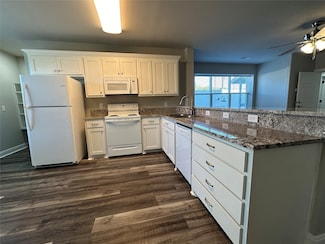 311 S Locust St Unit 205, Denton, TX 76201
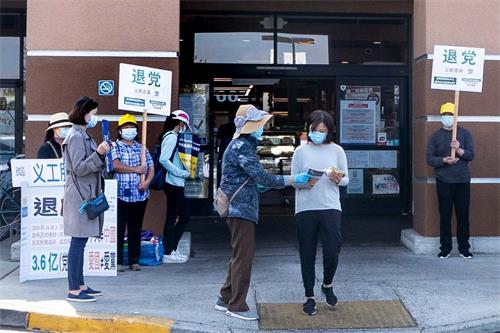 '圖4～5：法輪功學員在華人超市前講真相'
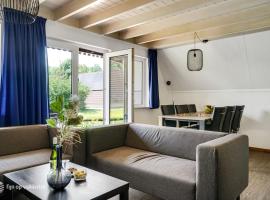 Gezinswoning op rustig park., hotel i Gramsbergen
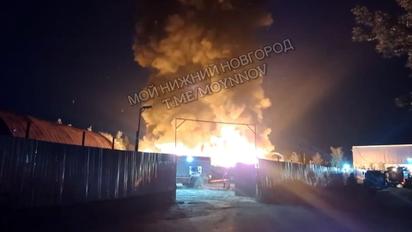 Десятки взрывов и огненные "грибы": в РФ – мощный пожар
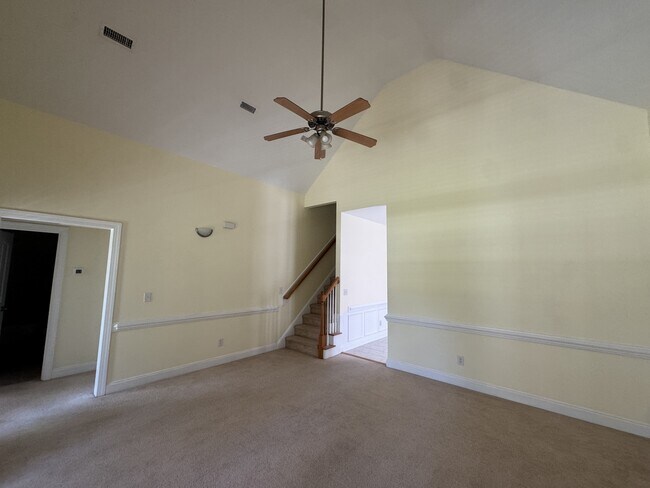 Building Photo - 210 Chadwick Shores Dr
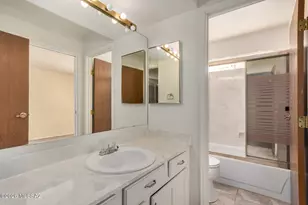 10242 E Potomac Pl, Tucson, AZ 85748 - Photo 19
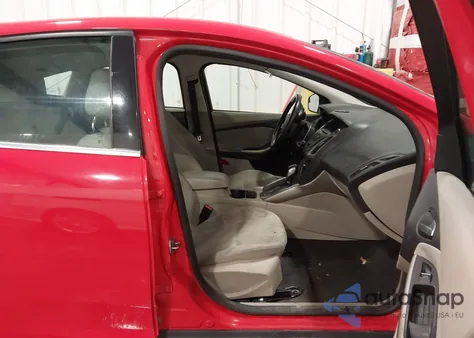 2012 Ford Focus Sel z USA, uszkodzony, nr VIN 1FAHP3M26CL358241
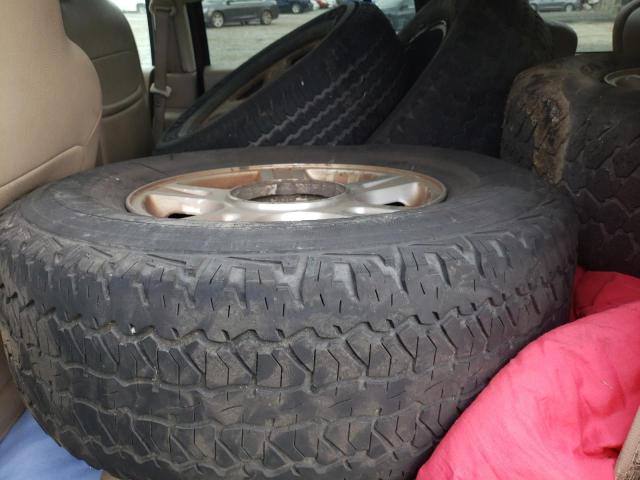 Photo 13 from auction – 2004 FORD EXPEDITION with VIN 1FMFU18L94LA43870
☆ ☆ ☆ ☆
* EXERCISE DETAILS *
Leave out every picture, and copy exactly the lines from the line that contains "2012 Ford Focus" through the end of the material.

* SOLUTION *
 2012 Ford Focus Sel z USA, uszkodzony, nr VIN 1FAHP3M26CL358241
 Photo 13 from auction – 2004 FORD EXPEDITION with VIN 1FMFU18L94LA43870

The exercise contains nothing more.